While the "Keating Five" has occasionally come up in McCain's political career, it has never been an issue that has caused him any significant agita. McCain, who was cited for poor judgment but nothing else by the Senate Ethics Committee, has pointed to his experience with the "Keating Five" as his spur to pushing for campaign finance reform and the limitation of money in campaign politics.

The "Keating Five" episode has the potential -- we repeat, potential -- to cast a pall over that McCain as maverick image. The more people see McCain as just another politician, the worse chance he has of making a comeback in the final month of the campaign.

As Billmon notes, McCain developed his phony Maverick image because of the scandal.

In a sense, the scandal marked the birth of the McCain "brand," because unlike the other four of the Five, he stood up in the Senate and more or less admitted he was guilty (not nearly as guilty as the others, he hastened to point out – but still, he felt bad about what he had done.) This went over really big with the media ("Senator admits guilt" outranking even man bites dog on the news-o-meter.
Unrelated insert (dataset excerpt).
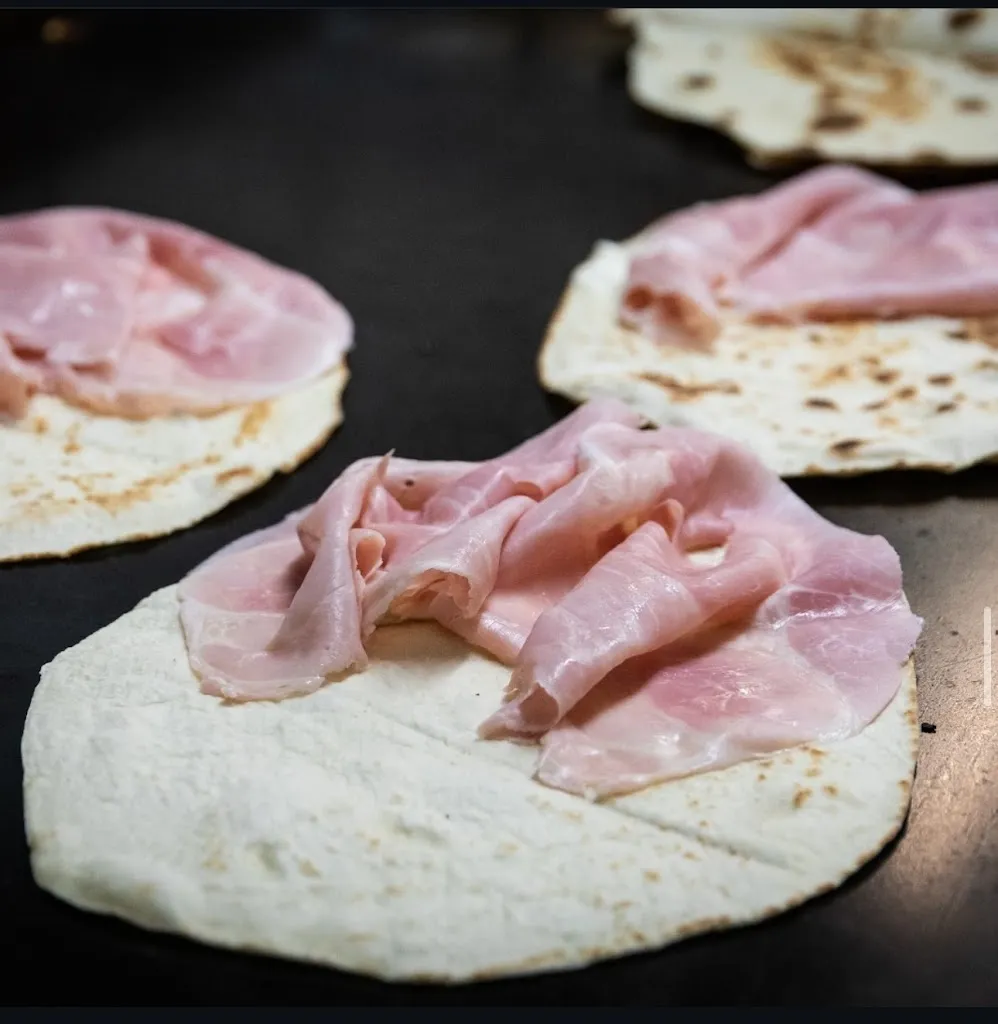 Menu_piadineria del borgo_Castel San Giovanni_image_8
I find it appalling that the media has ignored McCain's involvement in this scandal and then helped brand him a Maverick in the process. You would think that after the economic meltdown we are experiencing the Villagers would make it public finally, right? Wrong. Cillizza is correct to say that this could hurt McCain in the final thirty days. It should, but he's wrong when he brings up the Hannity type attacks on Obama as a sort of even exchange. I wish the journalists would stick to solid facts and not idiot associations put ut by a desperate campaign. C&L and many others have been pushing this out there and finally it's getting the attention it deserves. In response to this documentary, the McCain campaign said that bringing up this scandal is a hit job:

Speaking to reporters on a conference call, John Dowd, a partner at the powerhouse lobbying/consulting firm Akin Gump Strauss Hauer & Feld LLP, painted the Keating investigation as a "political smear job" led by Democrats who needed to make the issue a bipartisan embarrassment rather than own it themselves.

Ben Smith says:

I'd always thought McCain's great strength in defending the Keating affair was that he'd acknolwedged making a huge mistake, and spent his career repenting by recasting himself as a reformer.

So when his campaign puts his lawyer on the line with reporters to contest the details of a congressional inquiry that, largely, let McCain off the hook, doesn't that cloud the sin-confession-atonement dynamic a bit?

I'm sorry, the market is in the tank and we can't take the chance of turning over our economy to John McCain because we know what the result will be. With the Phill Gramm's of the world hanging on his coattails and calling us "a nation of whiners," another catastrophe is headed our way while this one sinks us to new lows.